Disadvantages of Choosing a Sole Proprietorship
- Personal liability for business debts. This means that business creditors can go after your personal assets.
- Harder to get financing because the business’ equity is limited to your personal resources.
- Difficult to transfer ownership of the business.
- May appear less “professional” or “official” to potential clients or customers than the other forms of business entity.
A corporation (Inc.) is a business structure that is created by state statute. Each state has its own statute and requirements for forming a corporation, so you will need to check the requirements in the state in which you are registering before starting a corporation
A corporation is a legal entity that is completely separate from its owner. Corporations can be taxed separately from their owner(s) and held legally liable for corporate acts, and they can also make a profit that is independent of its owners’ income.
Generally, the owners of a corporation are called shareholders, and there is no maximum number of owners a corporation can have. Most states allow shareholders to include people, LLCs, other corporations, and even foreign entities. The majority of states also allow an individual owner to form a single shareholder corporation.
Federal Taxes For Corporations
For tax purposes, there are three types of corporations — C corporations, S corporations, and nonprofit corporations.
The IRS recognizes a C corporation as a separate taxpaying entity. The business profits are taxed as “personal income” of the corporation and then distributed to its shareholders. Then the distributions are taxed again as the shareholders’ income on their personal taxes.
A S corporation avoids double taxation on corporate income by passing through to its shareholders the company’s income, losses, deductions, and credits for federal tax purposes. Shareholders report the company’s income and losses on their personal tax returns and the IRS assesses their taxes at their individual income tax rates.
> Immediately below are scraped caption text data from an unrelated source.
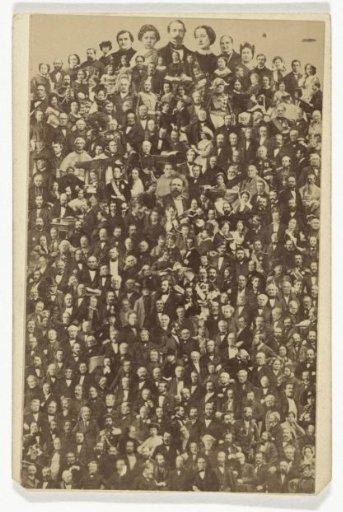 Montage of portraits of notable persons, including King William III and Emperor Napoleon III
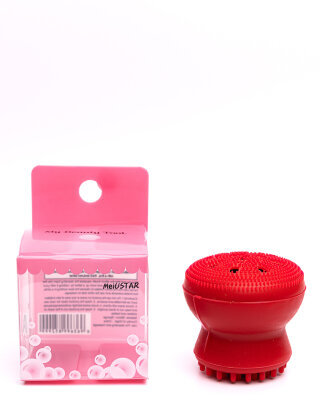 Силиконовая щеточка-спонж для лица Осьминожка, красный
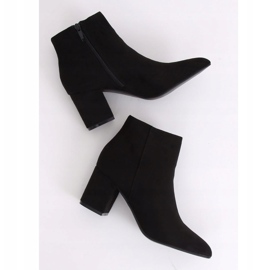 Bottines à talons noires Q1AX608-1 Noir le noir 4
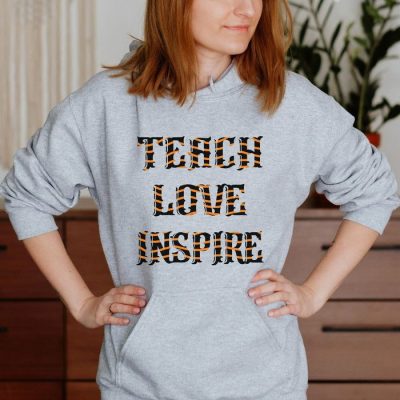 Teach Love Inspire Stripes Unisex Hoodie JSH1445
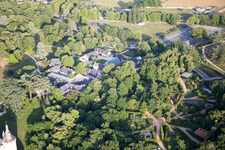 Chaumont-sur-Loire in the state Loir et Cher, France seen from a drone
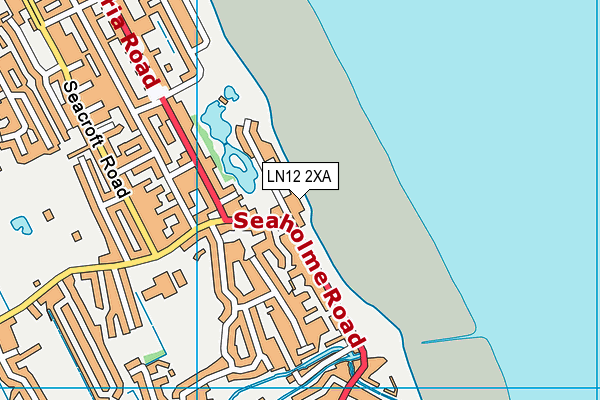 LN12 2XA map - OS VectorMap District (Ordnance Survey)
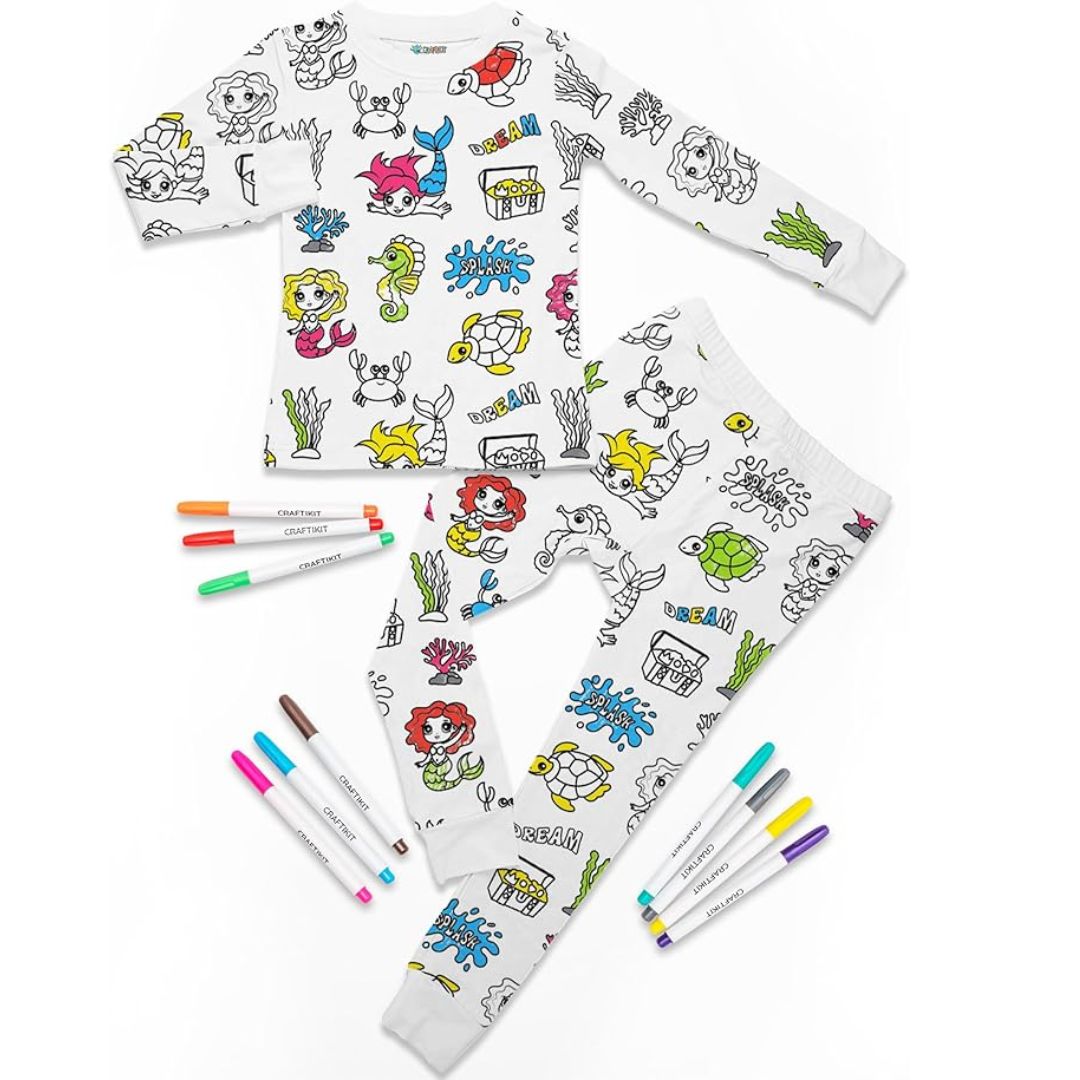 Colorful Canvas Pajamas™ — Unleash Your Child’s Imagination in Cozy, Mess-Free Comfort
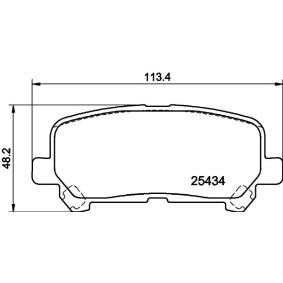 Compre Pastilhas de travão da MINTEX MDB3457 a um preço baixo por 39,76 €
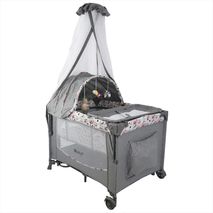 Cuna Colecho Dacora Ebaby 750 Gris Rosa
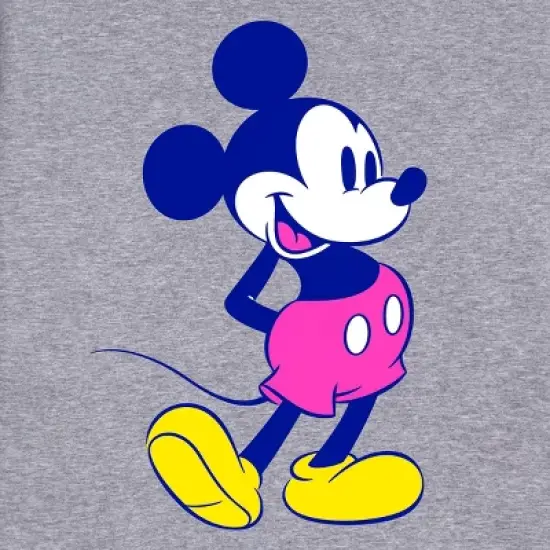 Men's Mickey Mouse Short Sleeve Graphic T-Shirt - Heathered Gray image {2}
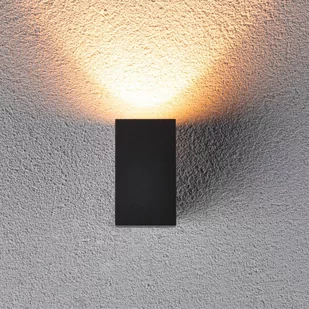 Paulmann Flame kinkiet zewnętrzny LED, czarny - Lampy ogrodowe - miniaturka - grafika 1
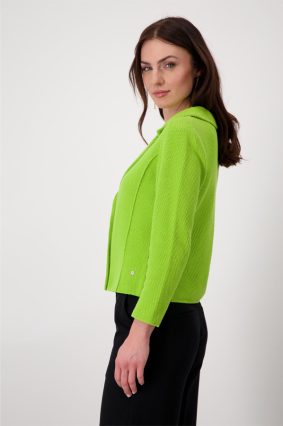 Monari Jacket Basic Knitted Blazer Matcha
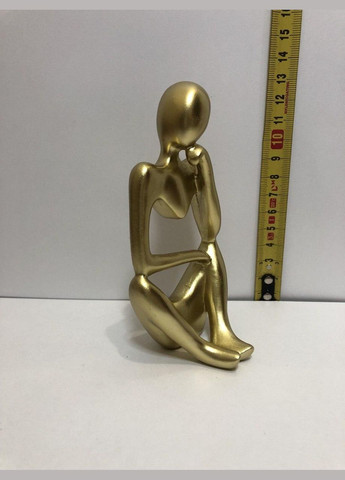 Абстрактна статуетка золотистого кольору No Brand (278654752)
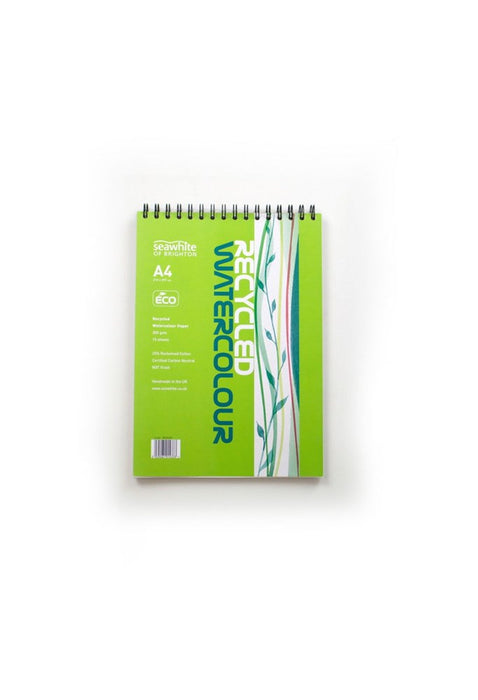 Seawhites Landscape Spiral Recycled Watercolour Pad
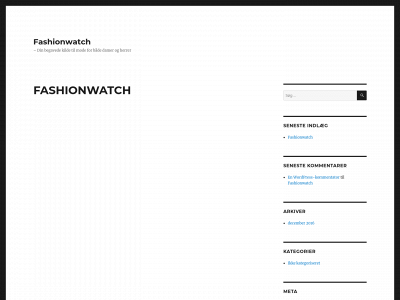 fashionwatch.dk snapshot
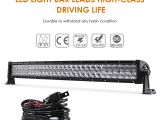 Light Bar Wiring Diagram High Beam Amazon Com Auxbeam 32 180w Curved Led Light Bar 5d Lens 18000lm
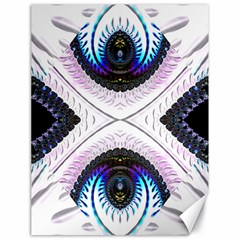 Patterns Fractal Background Digital Canvas 18  X 24  by Wegoenart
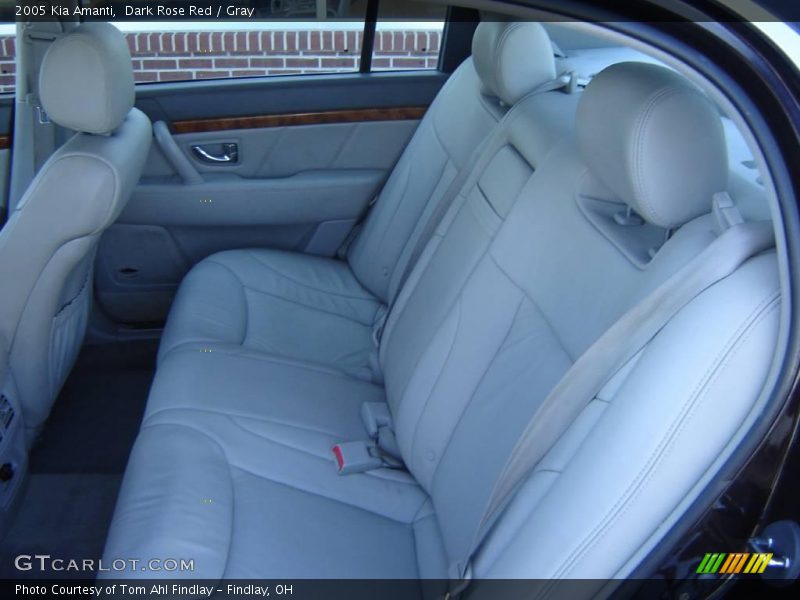 Dark Rose Red / Gray 2005 Kia Amanti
A nonprofit corporation is created to do charity, education, religious, literary, or scientific work. Nonprofits may file with the IRS to receive a federal tax exemption, which means they don’t have to pay federal income taxes on any of the profits that the corporation makes (as long as that income is made in furtherance of the nonprofit’s mission).
Benefits of Choosing a Corporation
- Limited personal liability for business debts, meaning your personal assets generally cannot be seized by business creditors.
- Easier to secure credit, funding, and financing.
- Easy to transfer business to new owners.
- Profits and losses belong to the corporation.
- Presents a more professional image to potential clients or customers.
Disadvantages of Choosing a Corporation
- Expensive to form and operate.
- Requires complex paperwork to establish.
- Must file a separate tax return for the business.
- Subject to more regulations and record-keeping requirements.
- More complicated structure requiring shareholders and a board of directors.
- C corporations are subject to double taxation.
Limited Liability Company
Like corporations, a Limited Liability Company (LLC) is a business structure that is created by state statute. However, unlike corporations, not all states recognize LLCs, though most do. Each state that recognizes LLCs has its own statute and requirements for forming a LLC, so you will need to check the requirements in the state in which you are registering before starting a LLC.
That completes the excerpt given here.